*** Opening Material to process ***

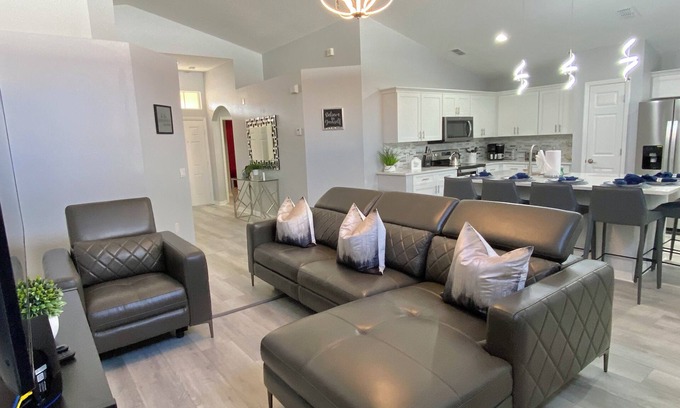 Cumbrian Lakes Casa | Charming 3-bedroom house with private pool near Disney
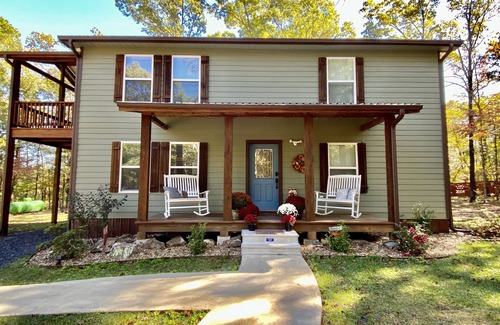 Mena Casa | ¡Nuevo! Ouachita Mtn Cabin, Quiet Privacy, Paved Rd, Between Mena and Atv Trails!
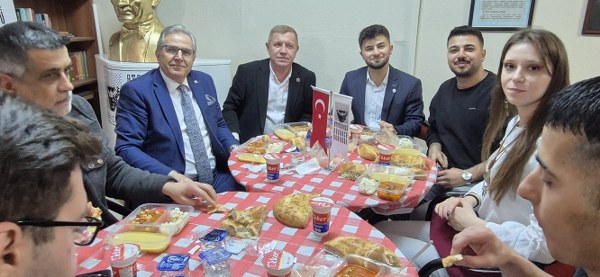 ADD Bandırma Şubesinden Öğrencilere İftar Yemeği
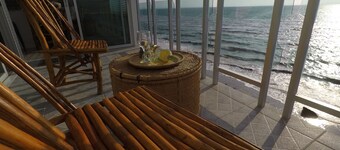 Oceanfront Condo, Gorgeous Sunsets
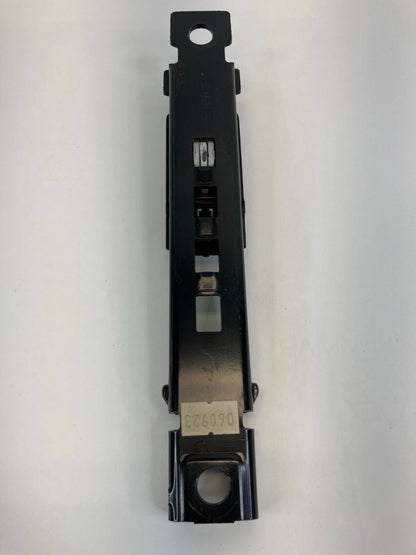 2007-2011 HYUNDAI ACCENT SEDAN LEFT SEAT BELT ADJUSTER ASSEMBLY 5116340E1A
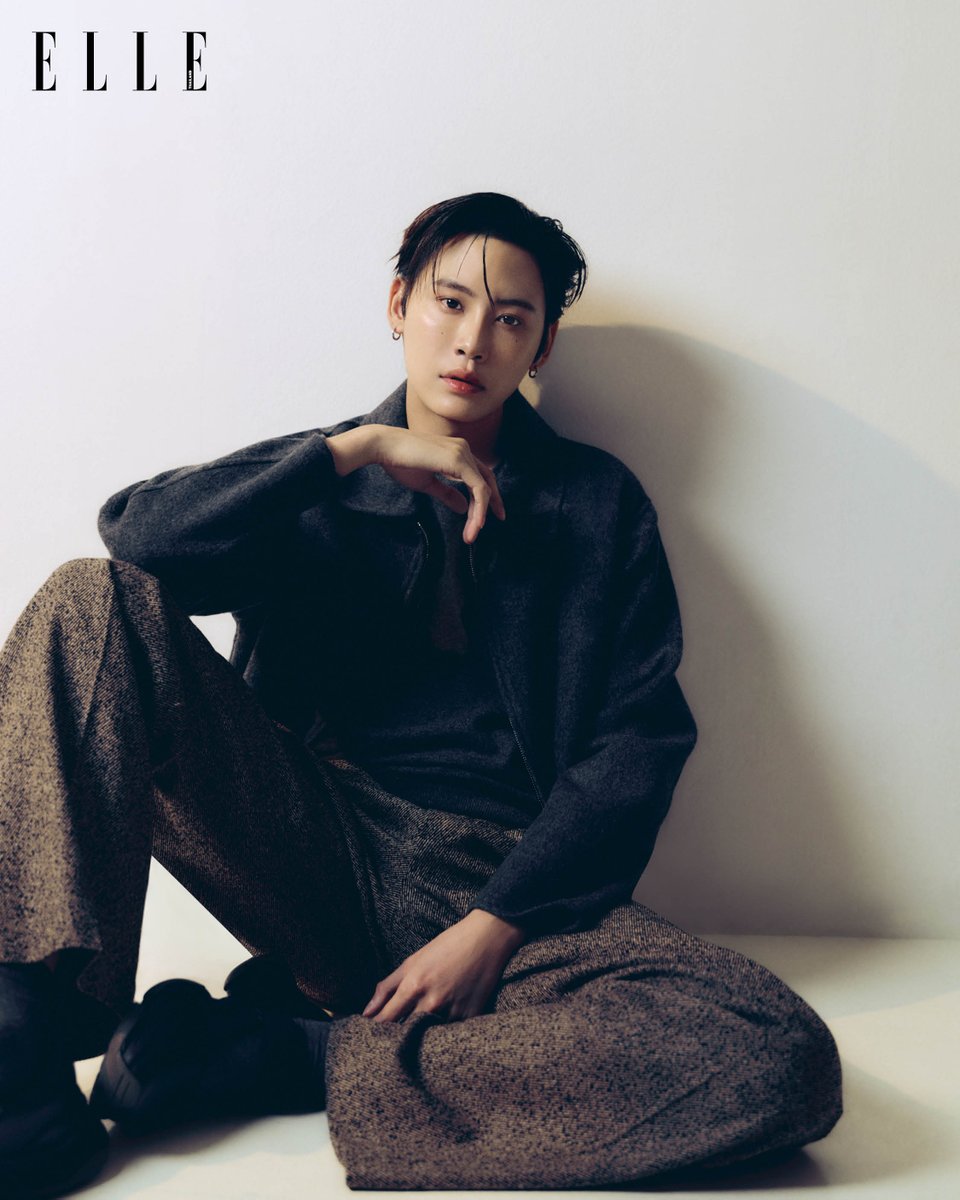 ELLEThailand's tweet image. &quot;ในซีรี่ส์อาจจะเห็นรามิลเป็นคนเข้มๆ มีบ๊องๆ บ้าง แต่ตัวบุ๋นเองเป็นคนที่แฟนคลับจะชอบเรียกว่า ‘แปลก’ เขาชอบพูดกันว่า เข้ามาเพราะความหล่อ อยู่ต่อเพราความแปลก (หัวเราะ)&quot; แอลชวนบุ๋น นพณัฐ @bb0un มาพูดคุยพร้อมถ่ายแฟชั่นเซ็ตสุดเท่!

#ELLEThailand 
#ELLECrushxBounPrem
#BounPrem #bb0un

*** Closing Material to process ***

Your answer must be the line containing "#ELLEThailand" through the last line above, copied exactly, with nothing added.

= Your solution =
#ELLEThailand 
#ELLECrushxBounPrem
#BounPrem #bb0un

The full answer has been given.